• **Problem statement**: Copying exactly, give the lines in the material below from the one with "Backpacker dricksvatten över" to the one with "Dodge RAM 1500", ends included, and nothing besides.

• **Dataset records**:
----
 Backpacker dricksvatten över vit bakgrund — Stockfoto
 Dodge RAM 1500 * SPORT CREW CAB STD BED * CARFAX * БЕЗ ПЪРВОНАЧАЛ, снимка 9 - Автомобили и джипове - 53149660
----
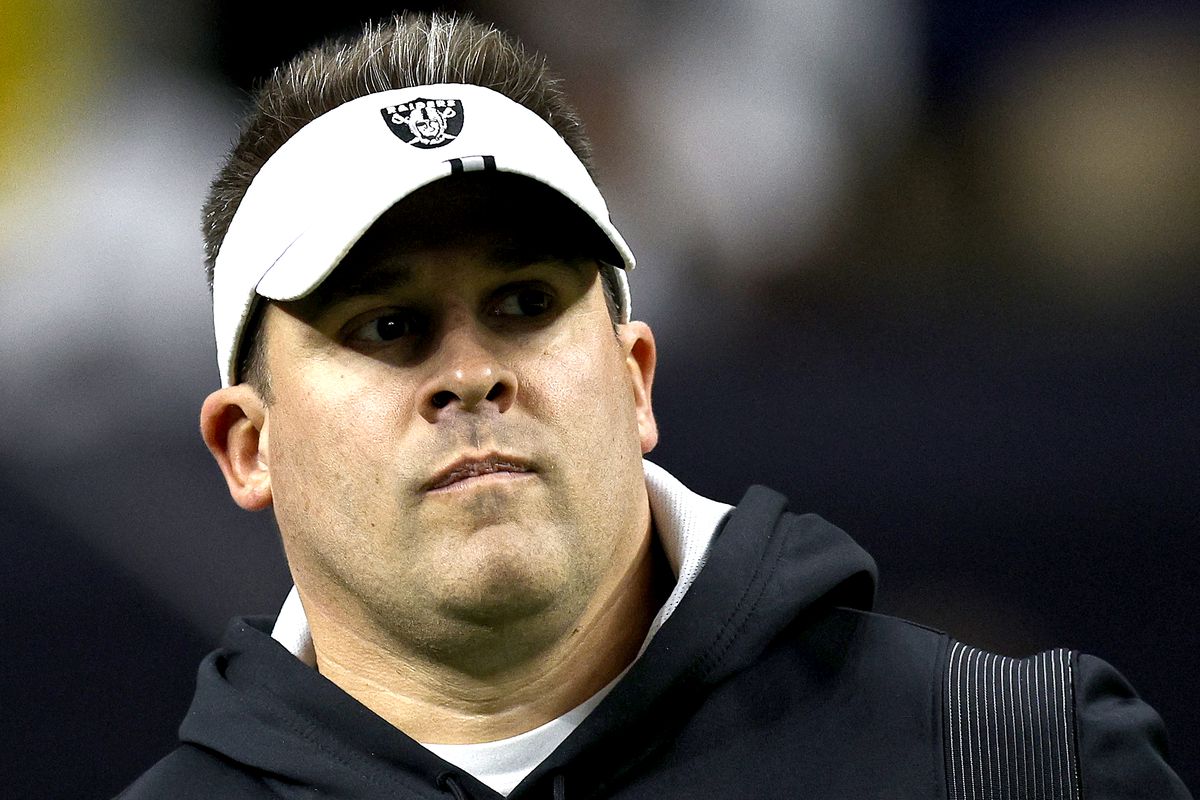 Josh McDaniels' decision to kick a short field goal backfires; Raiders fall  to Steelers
----
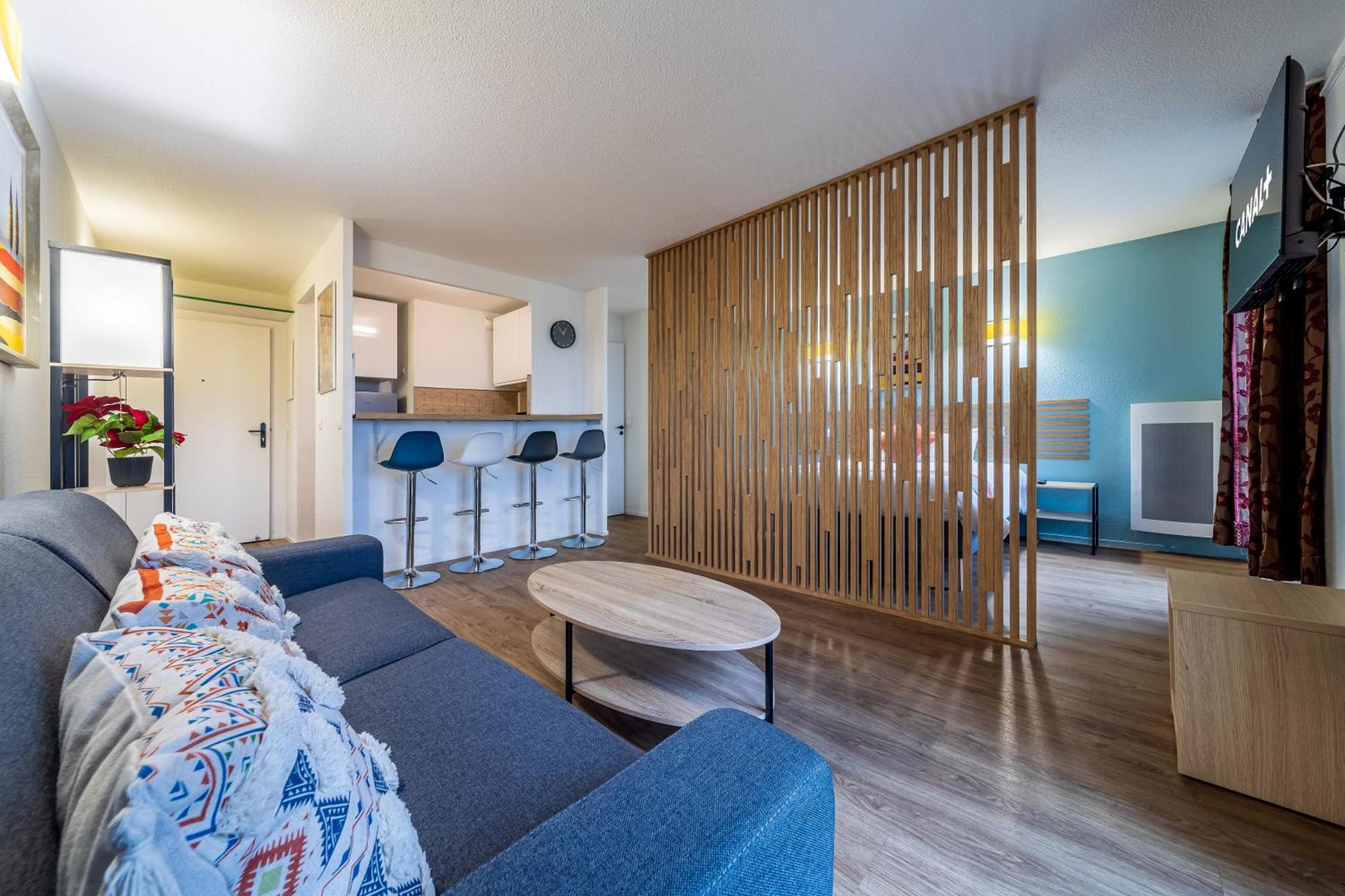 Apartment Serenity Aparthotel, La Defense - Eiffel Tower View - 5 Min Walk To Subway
----
• **Solved exercise**:
 Backpacker dricksvatten över vit bakgrund — Stockfoto
 Dodge RAM 1500 * SPORT CREW CAB STD BED * CARFAX * БЕЗ ПЪРВОНАЧАЛ, снимка 9 - Автомобили и джипове - 53149660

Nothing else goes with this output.